J'ai vu toute la noirceur du monde dans les yeux de ces enfants tortionnaires et je ne peux qu'être extrêmement touché par ce film sensible d'une grande humanité qui vous prend aux tripes par sa justesse et sa simplicité.
Pour ma part j'ai mis fin au cauchemar par la violence, à coup de règle en fer sur les doigts d'un de mes tortionnaires, qui pissait le sang, le reste de la classe se mettant de mon côté. Cà aussi ceci m'a forgé en mode viking quand on m'emmerde ou me veux du mal, je frappe, symboliquement parlant.

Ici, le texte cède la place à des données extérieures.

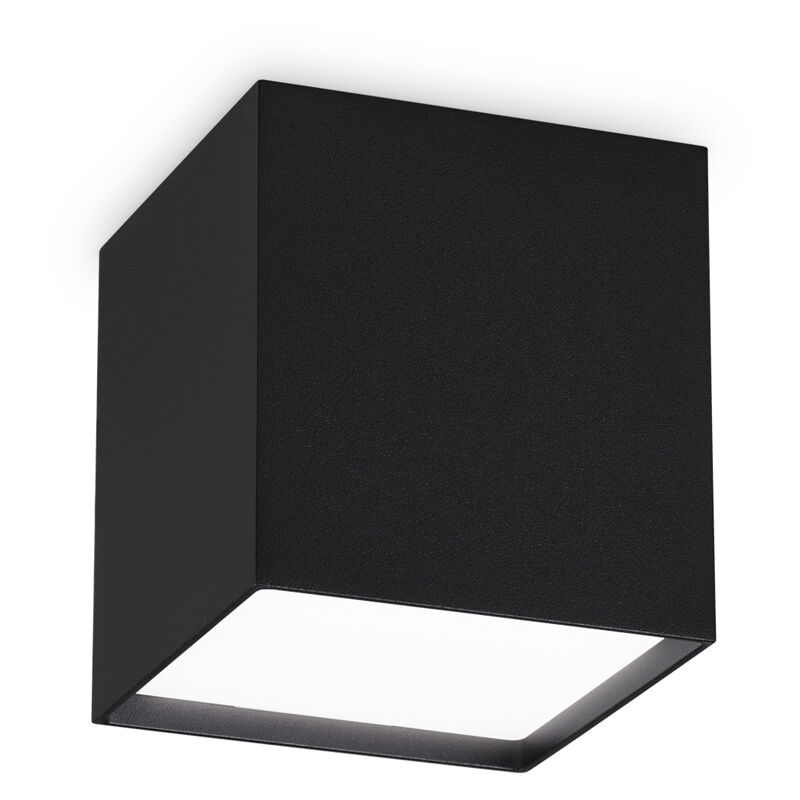 foto del prodotto ideal lux plafoniera contemporanea kubiko alluminio nero led integrato 10w 3000k ip20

Je ne me démonte jamais pour cette raison, pour le petit bout tout gentil que j'étais et qui s'est fait détruire de cette situation.
Mais c'est triste sur la nature humaine, la nature sauvage avant d'avoir des lignes directrices, une éducation, et dans ce Nomad land d'absence de morale qu'est l'enfance, les adultes ont le devoir de surveiller, d'écouter leurs enfants dans leurs non-dits car toutes les histoires ne finissent pas bien comme la mienne.
"Un monde" est un film nécessaire, court (1h10) et brillant par son impact.